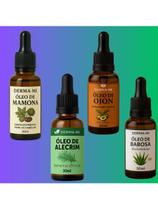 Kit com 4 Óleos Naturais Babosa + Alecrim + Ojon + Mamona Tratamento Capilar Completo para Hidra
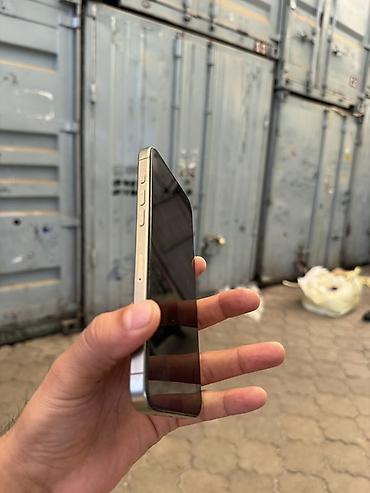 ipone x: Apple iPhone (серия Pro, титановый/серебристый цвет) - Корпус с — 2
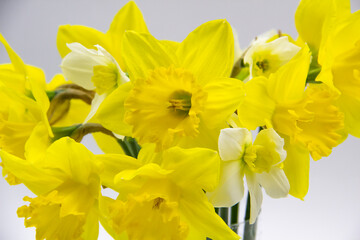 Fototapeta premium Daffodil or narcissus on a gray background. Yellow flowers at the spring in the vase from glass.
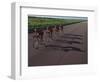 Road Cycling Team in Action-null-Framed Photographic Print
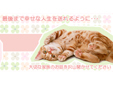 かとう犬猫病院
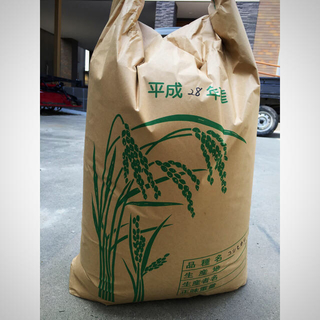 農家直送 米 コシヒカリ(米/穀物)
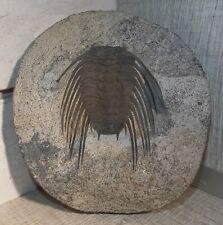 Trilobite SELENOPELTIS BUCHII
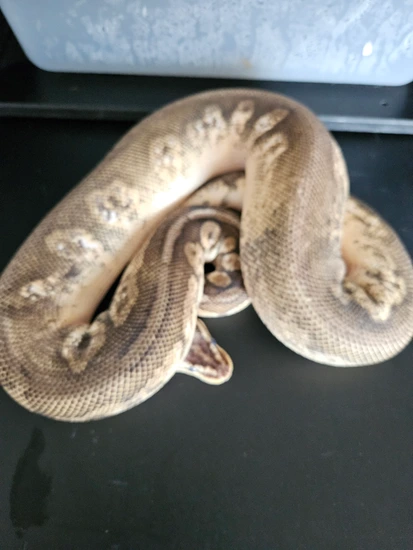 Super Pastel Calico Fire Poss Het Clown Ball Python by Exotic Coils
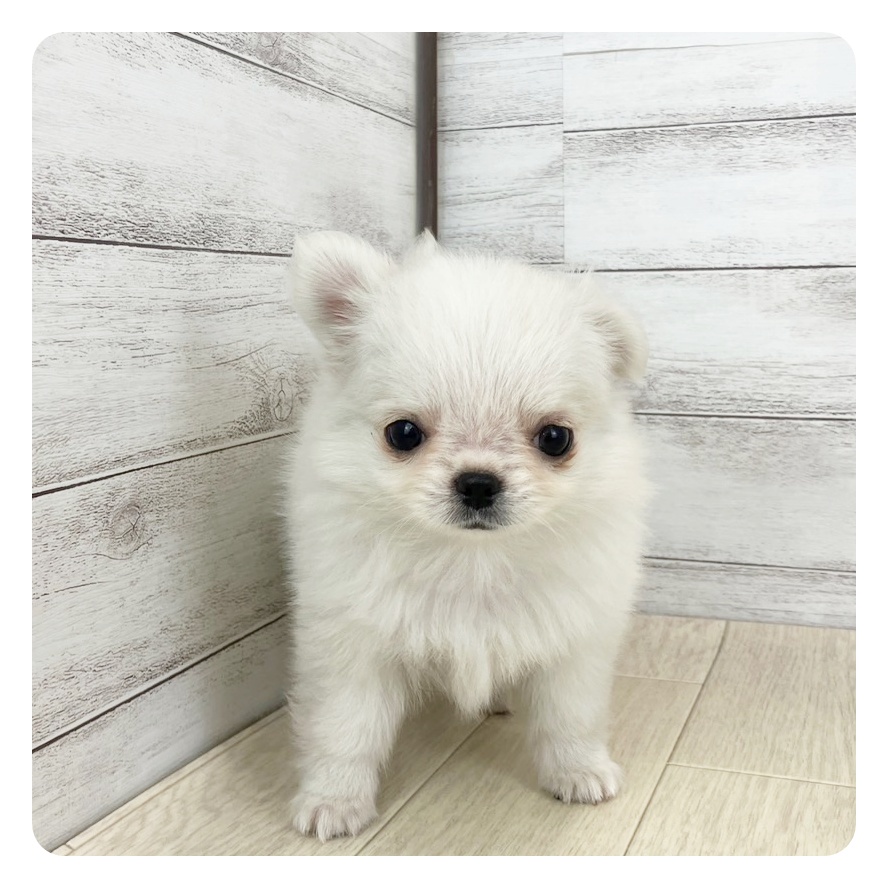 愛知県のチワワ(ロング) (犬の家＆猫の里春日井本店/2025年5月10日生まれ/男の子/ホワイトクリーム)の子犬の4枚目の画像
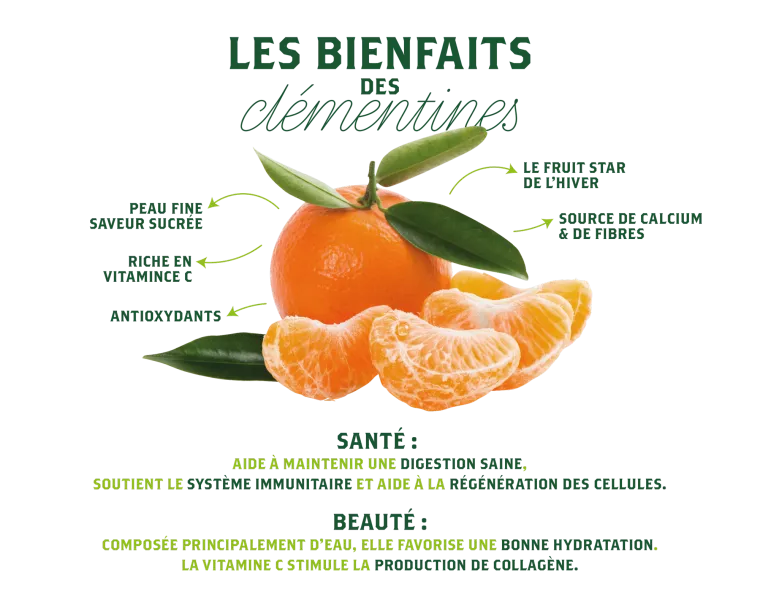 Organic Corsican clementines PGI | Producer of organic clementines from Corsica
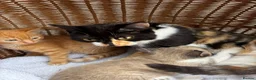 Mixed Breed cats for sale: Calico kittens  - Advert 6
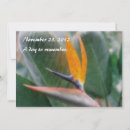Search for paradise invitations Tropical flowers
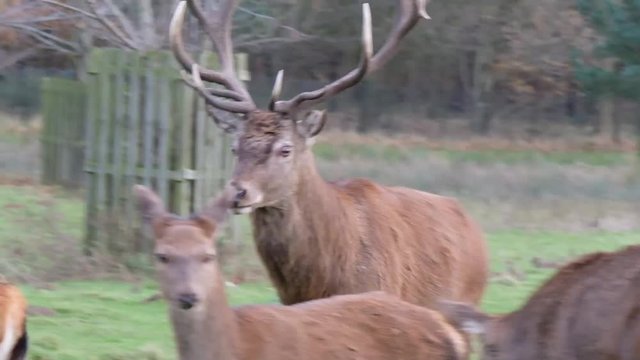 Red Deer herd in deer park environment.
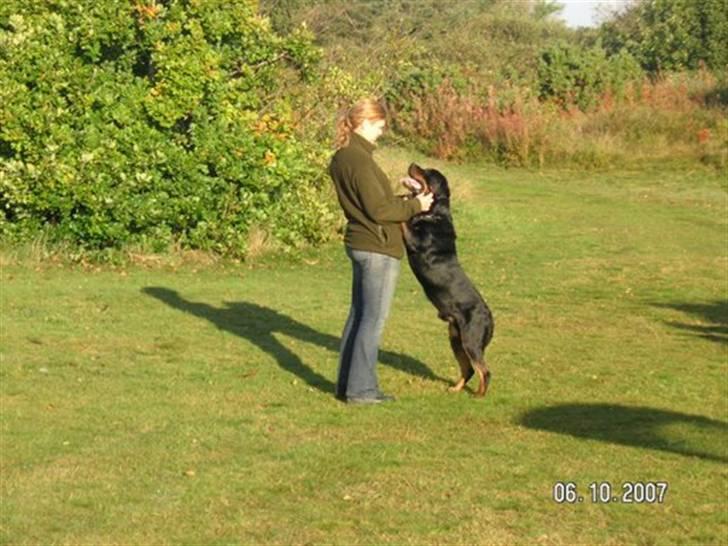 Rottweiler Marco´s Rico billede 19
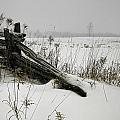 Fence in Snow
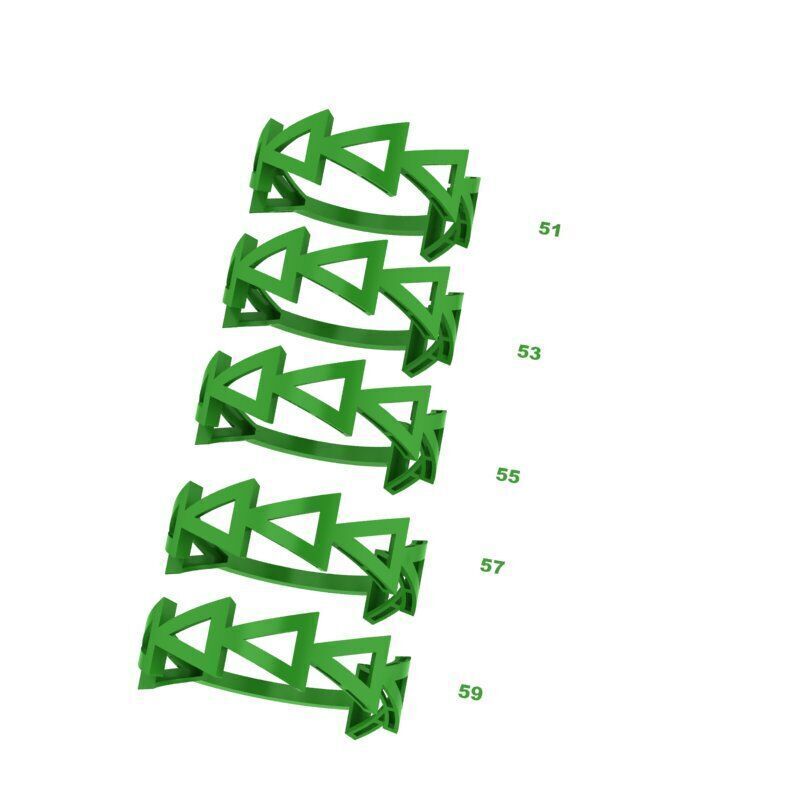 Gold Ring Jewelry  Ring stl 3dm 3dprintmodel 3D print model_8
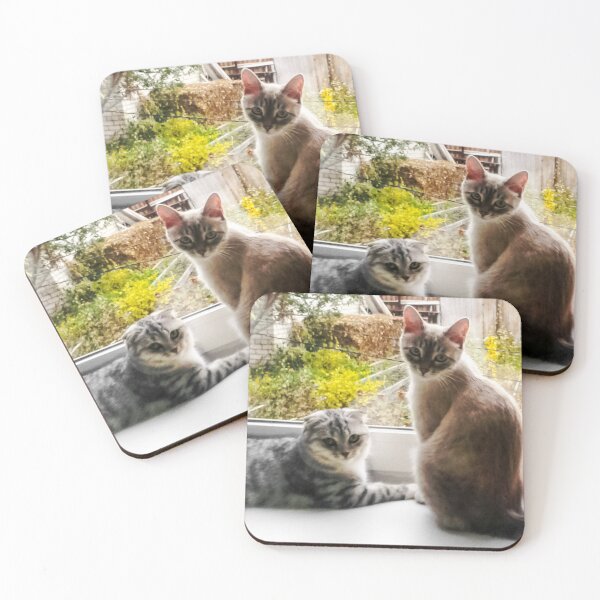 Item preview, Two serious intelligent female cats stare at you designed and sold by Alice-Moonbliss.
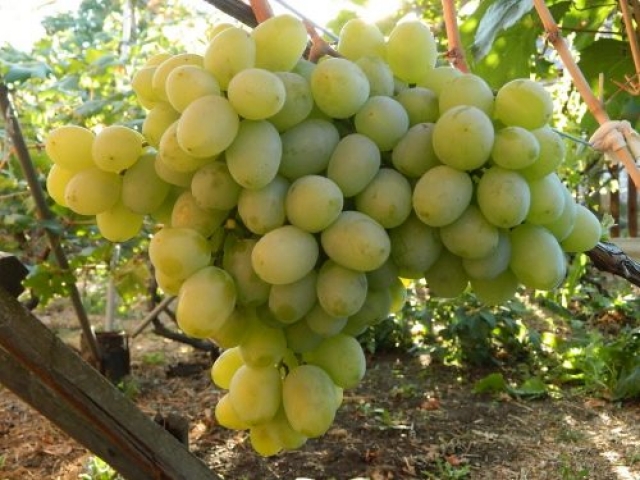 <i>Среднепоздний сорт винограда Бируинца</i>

———

> TASK TO CARRY OUT
Print exactly what appears from the first line of the listing above down to the line containing "Super Pastel Calico", inclusive, and leave out all pictures.

> ANSWER BOX
 Kit com 4 Óleos Naturais Babosa + Alecrim + Ojon + Mamona Tratamento Capilar Completo para Hidra
 ipone x: Apple iPhone (серия Pro, титановый/серебристый цвет) - Корпус с — 2
 Fototapeta premium Daffodil or narcissus on a gray background. Yellow flowers at the spring in the vase from glass.
 Road Cycling Team in Action-null-Framed Photographic Print
 かとう犬猫病院
 農家直送 米 コシヒカリ(米/穀物)
 Trilobite SELENOPELTIS BUCHII
 Super Pastel Calico Fire Poss Het Clown Ball Python by Exotic Coils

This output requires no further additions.